Extracellular vesicles (EVs) are ideal carriers of
cancer biomarkers, as
cancer cells secret an abundance of EVs, and the contents of
tumor cell-originated EVs reflect the molecular and genetic composition of parental
cells. In addition, EV-derived DNAs (EV DNAs) consist of large-sized genomic DNAs and
tumor-specific oncogenic mutant DNAs. For these reasons,
liquid biopsy using EV
DNA has the potential to overcome issues arising from
tissue shortages associated with small
biopsies, which are often seen in
lung cancer patients, and the
biopsy product can be used in other diagnostic
methods, such as
epidermal growth factor receptor (EGFR)
mutation testing and
next-generation sequencing (NGS).

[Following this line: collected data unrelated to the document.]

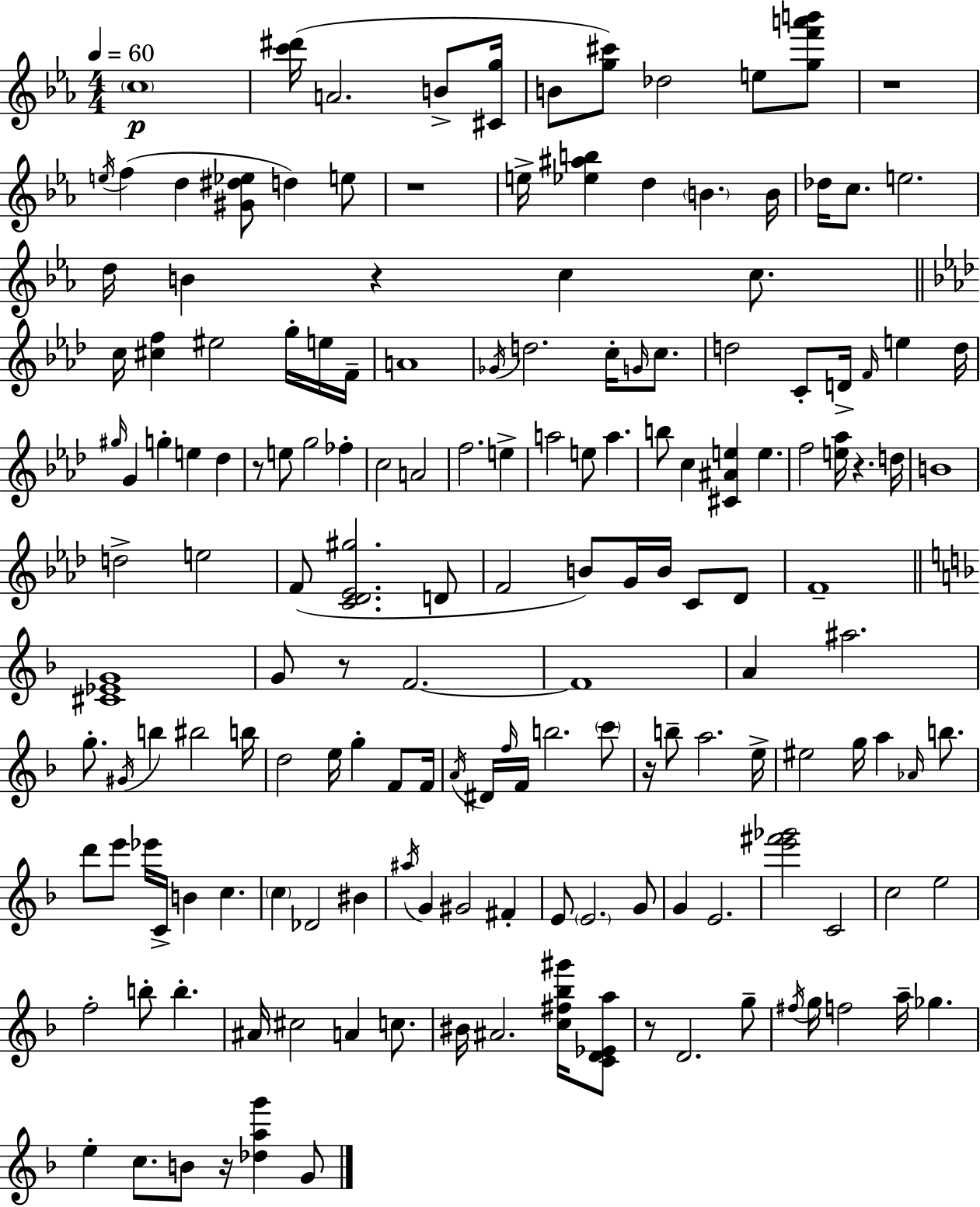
X:1
T:Untitled
M:4/4
L:1/4
K:Cm
c4 [c'^d']/4 A2 B/2 [^Cg]/4 B/2 [g^c']/2 _d2 e/2 [gf'a'b']/2 z4 e/4 f d [^G^d_e]/2 d e/2 z4 e/4 [_e^ab] d B B/4 _d/4 c/2 e2 d/4 B z c c/2 c/4 [^cf] ^e2 g/4 e/4 F/4 A4 _G/4 d2 c/4 G/4 c/2 d2 C/2 D/4 F/4 e d/4 ^g/4 G g e _d z/2 e/2 g2 _f c2 A2 f2 e a2 e/2 a b/2 c [^C^Ae] e f2 [e_a]/4 z d/4 B4 d2 e2 F/2 [C_D_E^g]2 D/2 F2 B/2 G/4 B/4 C/2 _D/2 F4 [^C_EG]4 G/2 z/2 F2 F4 A ^a2 g/2 ^G/4 b ^b2 b/4 d2 e/4 g F/2 F/4 A/4 ^D/4 f/4 F/4 b2 c'/2 z/4 b/2 a2 e/4 ^e2 g/4 a _A/4 b/2 d'/2 e'/2 _e'/4 C/4 B c c _D2 ^B ^a/4 G ^G2 ^F E/2 E2 G/2 G E2 [e'^f'_g']2 C2 c2 e2 f2 b/2 b ^A/4 ^c2 A c/2 ^B/4 ^A2 [c^f_b^g']/4 [CD_Ea]/2 z/2 D2 g/2 ^f/4 g/4 f2 a/4 _g e c/2 B/2 z/4 [_dag'] G/2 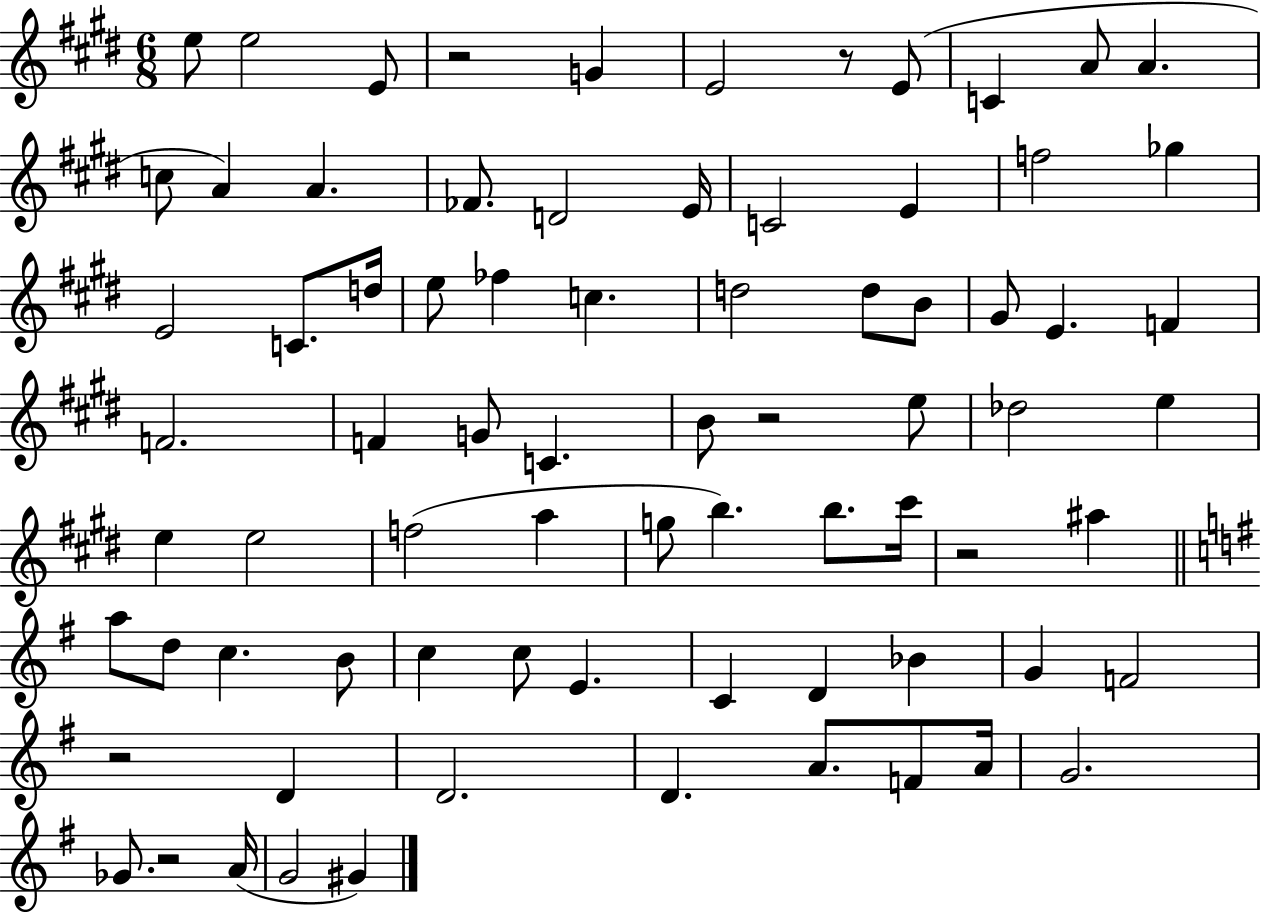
{
  \clef treble
  \numericTimeSignature
  \time 6/8
  \key e \major
  e''8 e''2 e'8 | r2 g'4 | e'2 r8 e'8( | c'4 a'8 a'4. | \break c''8 a'4) a'4. | fes'8. d'2 e'16 | c'2 e'4 | f''2 ges''4 | \break e'2 c'8. d''16 | e''8 fes''4 c''4. | d''2 d''8 b'8 | gis'8 e'4. f'4 | \break f'2. | f'4 g'8 c'4. | b'8 r2 e''8 | des''2 e''4 | \break e''4 e''2 | f''2( a''4 | g''8 b''4.) b''8. cis'''16 | r2 ais''4 | \break \bar "||" \break \key g \major a''8 d''8 c''4. b'8 | c''4 c''8 e'4. | c'4 d'4 bes'4 | g'4 f'2 | \break r2 d'4 | d'2. | d'4. a'8. f'8 a'16 | g'2. | \break ges'8. r2 a'16( | g'2 gis'4) | \bar "|."
} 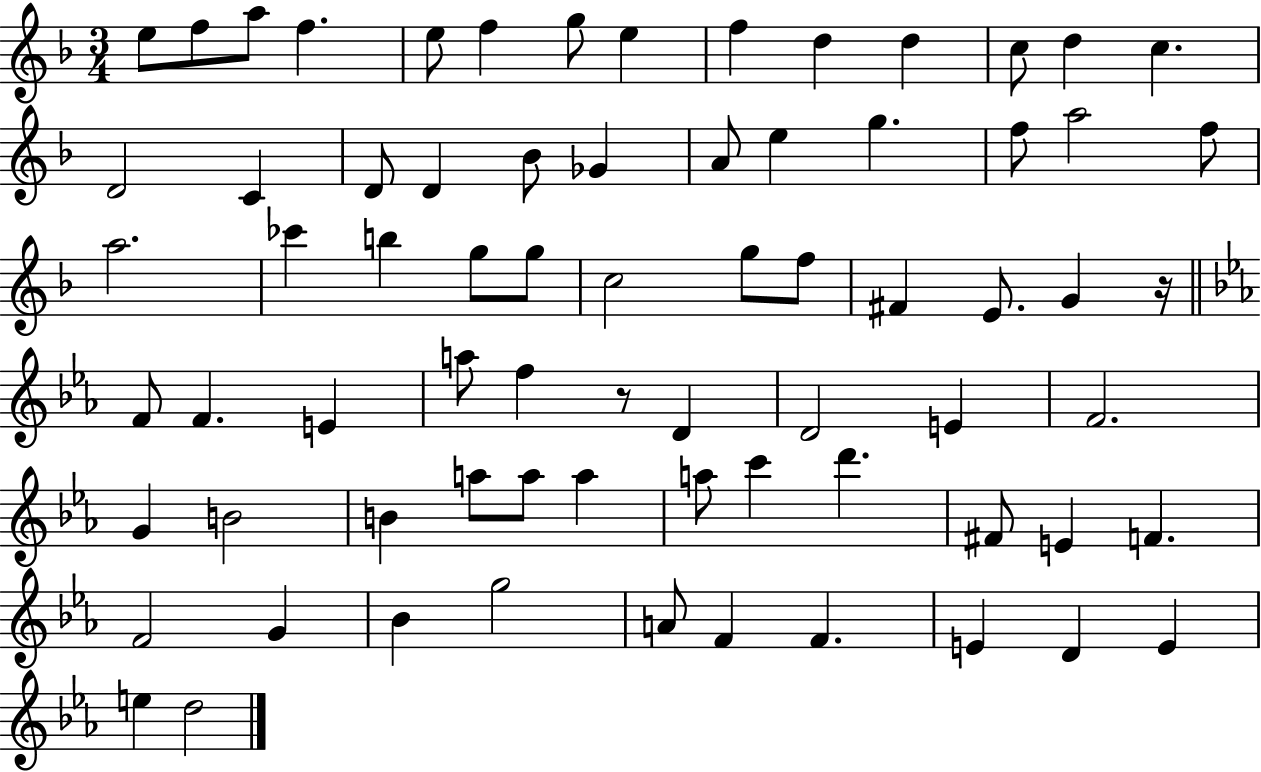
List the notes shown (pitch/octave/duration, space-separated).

E5/e F5/e A5/e F5/q. E5/e F5/q G5/e E5/q F5/q D5/q D5/q C5/e D5/q C5/q. D4/h C4/q D4/e D4/q Bb4/e Gb4/q A4/e E5/q G5/q. F5/e A5/h F5/e A5/h. CES6/q B5/q G5/e G5/e C5/h G5/e F5/e F#4/q E4/e. G4/q R/s F4/e F4/q. E4/q A5/e F5/q R/e D4/q D4/h E4/q F4/h. G4/q B4/h B4/q A5/e A5/e A5/q A5/e C6/q D6/q. F#4/e E4/q F4/q. F4/h G4/q Bb4/q G5/h A4/e F4/q F4/q. E4/q D4/q E4/q E5/q D5/h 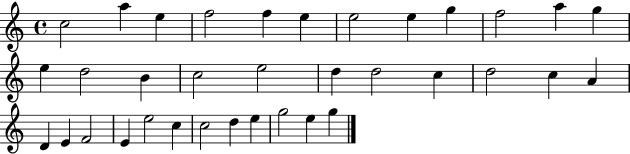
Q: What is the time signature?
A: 4/4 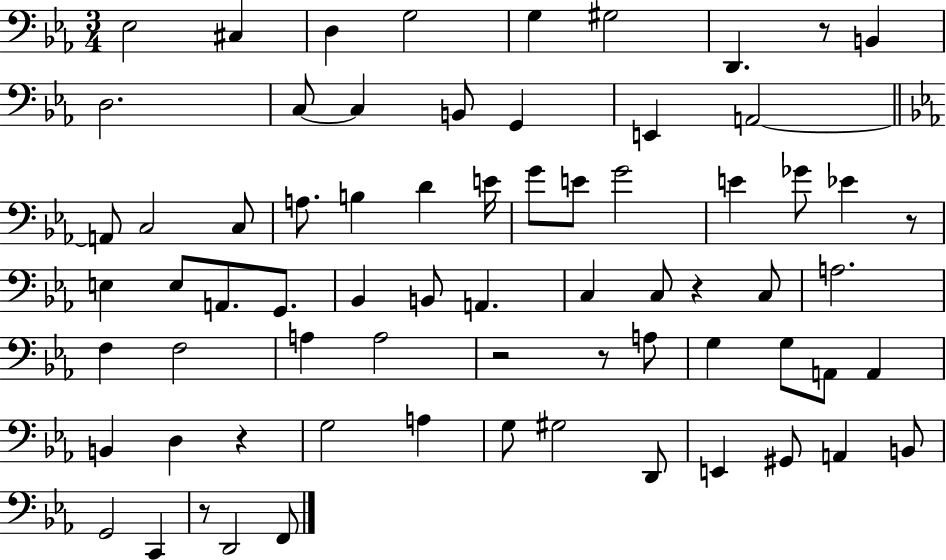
X:1
T:Untitled
M:3/4
L:1/4
K:Eb
_E,2 ^C, D, G,2 G, ^G,2 D,, z/2 B,, D,2 C,/2 C, B,,/2 G,, E,, A,,2 A,,/2 C,2 C,/2 A,/2 B, D E/4 G/2 E/2 G2 E _G/2 _E z/2 E, E,/2 A,,/2 G,,/2 _B,, B,,/2 A,, C, C,/2 z C,/2 A,2 F, F,2 A, A,2 z2 z/2 A,/2 G, G,/2 A,,/2 A,, B,, D, z G,2 A, G,/2 ^G,2 D,,/2 E,, ^G,,/2 A,, B,,/2 G,,2 C,, z/2 D,,2 F,,/2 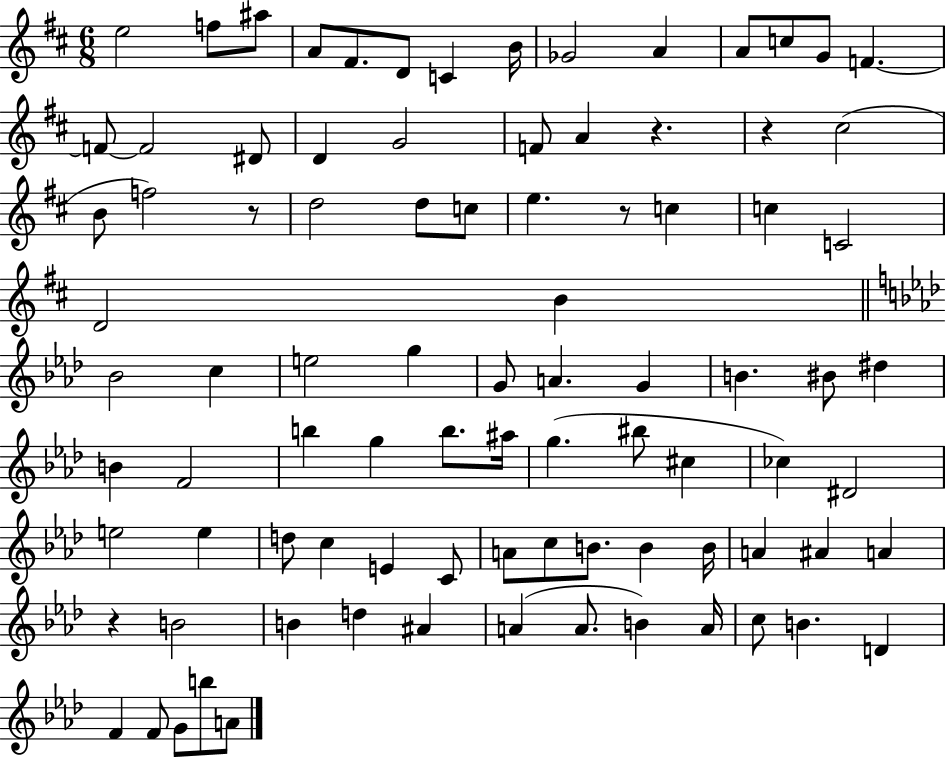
{
  \clef treble
  \numericTimeSignature
  \time 6/8
  \key d \major
  \repeat volta 2 { e''2 f''8 ais''8 | a'8 fis'8. d'8 c'4 b'16 | ges'2 a'4 | a'8 c''8 g'8 f'4.~~ | \break f'8~~ f'2 dis'8 | d'4 g'2 | f'8 a'4 r4. | r4 cis''2( | \break b'8 f''2) r8 | d''2 d''8 c''8 | e''4. r8 c''4 | c''4 c'2 | \break d'2 b'4 | \bar "||" \break \key aes \major bes'2 c''4 | e''2 g''4 | g'8 a'4. g'4 | b'4. bis'8 dis''4 | \break b'4 f'2 | b''4 g''4 b''8. ais''16 | g''4.( bis''8 cis''4 | ces''4) dis'2 | \break e''2 e''4 | d''8 c''4 e'4 c'8 | a'8 c''8 b'8. b'4 b'16 | a'4 ais'4 a'4 | \break r4 b'2 | b'4 d''4 ais'4 | a'4( a'8. b'4) a'16 | c''8 b'4. d'4 | \break f'4 f'8 g'8 b''8 a'8 | } \bar "|."
} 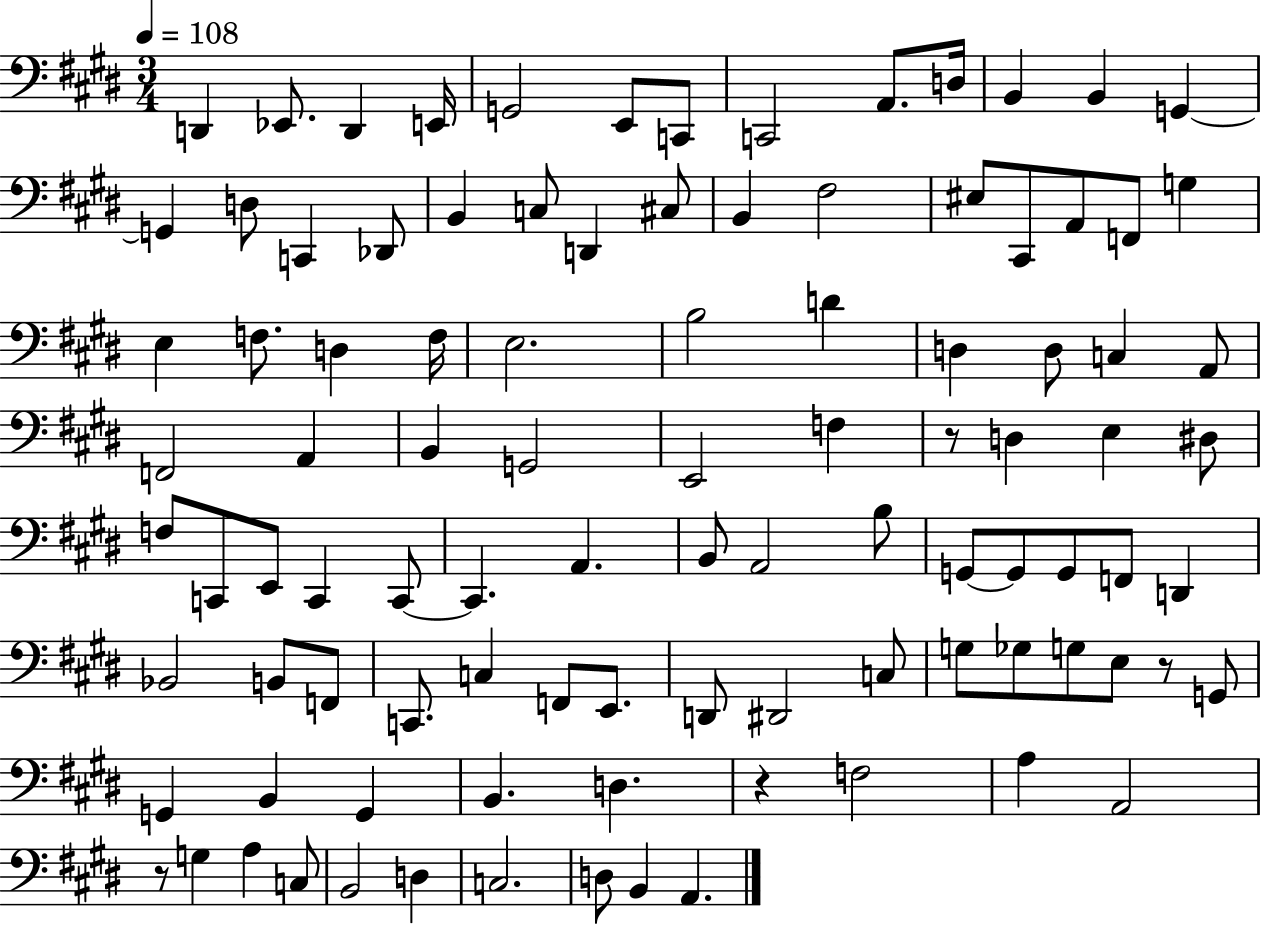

A higher
sensitivity can be achieved when EV DNAs obtained from
bronchoalveolar lavage fluid (BALF) are used rather than those from
blood. BALF, when obtained close to the
tumor site, is a promising
liquid biopsy tool, as it enables the gathering of both cellular and non-cellular fractions of the
tumor microenvironment, and provides increased diagnostic
sensitivity when compared to
blood.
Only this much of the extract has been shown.